But if an external time against which we could measure the
rate of flow of our own time did exist then we would only be
pushing the problem further back rather than resolving it. Surely
if time by its nature flows, then why should this external time not
flow also? In which case we are back to the problem of needing
a further, even more fundamental, time scale against which to
measure the rate of flow of external time, and so on in a neverending
hierarchy.
Just because we are unable to talk about a rate of flow of time
does not mean that time does not flow at all. Or maybe time is
standing still while we (our consciousness) are moving along it
(we are moving towards the future rather than the future coming towards us). When you look out of the window of a moving train
and observe fields rushing by you ‘know’ that they are standing
still and that it is the train that is moving. Likewise, we have the
strong subjective impression that the present moment (what we
call now) and an event in our future (say next Christmas) move
closer together. The time interval separating the two moments
shrinks. Whether we say that next Christmas is moving closer to
us or that we are moving closer to next Christmas amounts to the
same thing: we feel that something is changing. So how come
most physicists argue that even this idea is not valid?
Strange as this may sound, the laws of physics say nothing
about the flow of time. They tell us how things like atoms, pulleys,
levers, clocks, rockets and stars behave when subjected to different
forces at certain instants in time, and if given the status of a system
at a particular moment the laws of physics provide us with the
rules for computing its likely state at some future time. Nowhere,
however, do they contain a hint of flowing time. The notion
that time passes, or moves in some way, is completely missing in
physics. We find that, like space, time simply exists; it just is.
Clearly, say most physicists, the feeling we have that time flows is
just that: a feeling, however real it may seem to us.

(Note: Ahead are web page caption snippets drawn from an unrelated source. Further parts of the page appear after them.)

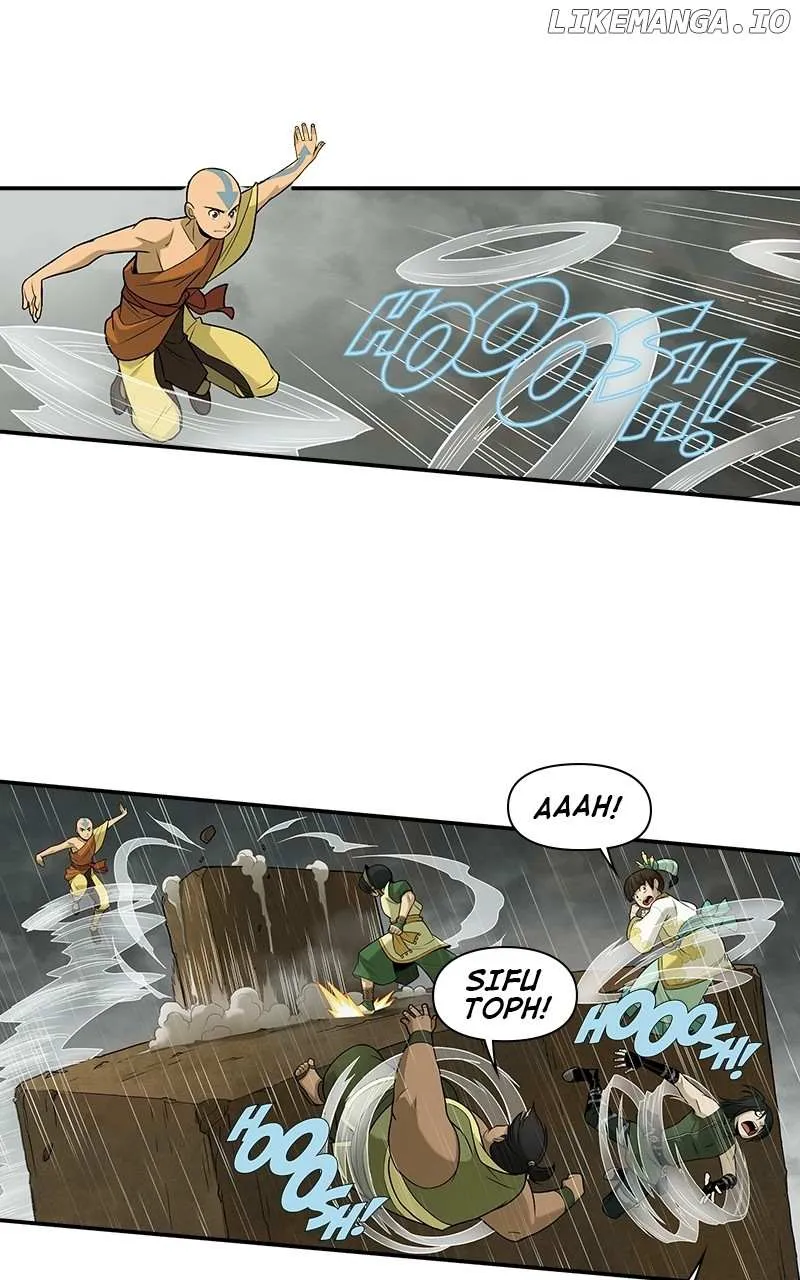 Avatar: The Last Airbender - Imbalance Chapter 44 page 37 - 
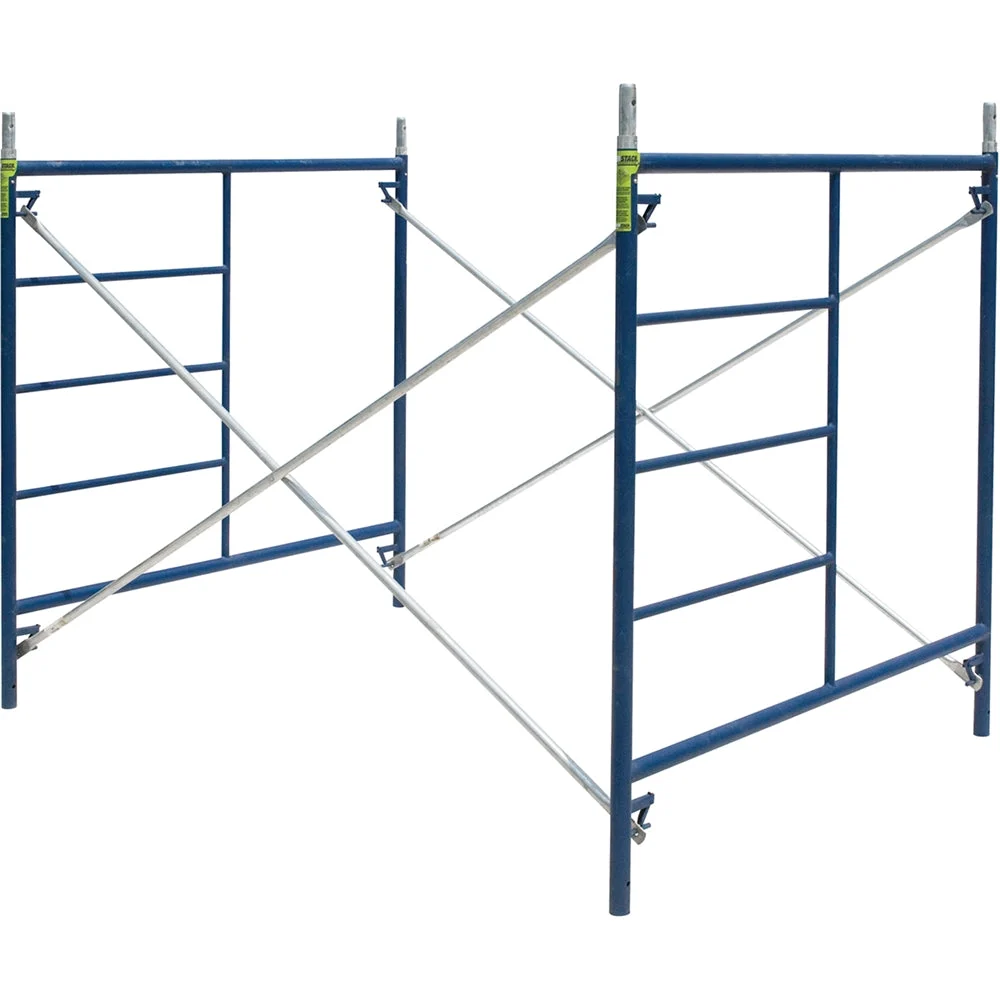 MetalTech M-MFS6060120 Scaffolding, 60" x 60" x 120"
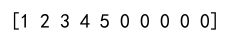 How to Find an Element in a Numpy Array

What science is unable to provide at the moment is an
explanation for where this strong sense we have of passing time
and a changing present moment comes from. Some physicists and
philosophers are convinced that there is something missing in the
laws of physics. I will not go as far as to say that I subscribe to this
view, but I do believe we will only make progress when we have
a better understanding of how our own consciousness works, and
hence why we feel the passage of time.
I should mention that no less an authority than Einstein
himself held the view that the flow of time is illusory and even
expressed it when trying to console the bereaved widow of a close
friend of his, stating that she should take comfort in the knowledge
that the present moment is no more special than any other in the
past or the future; all times exist together.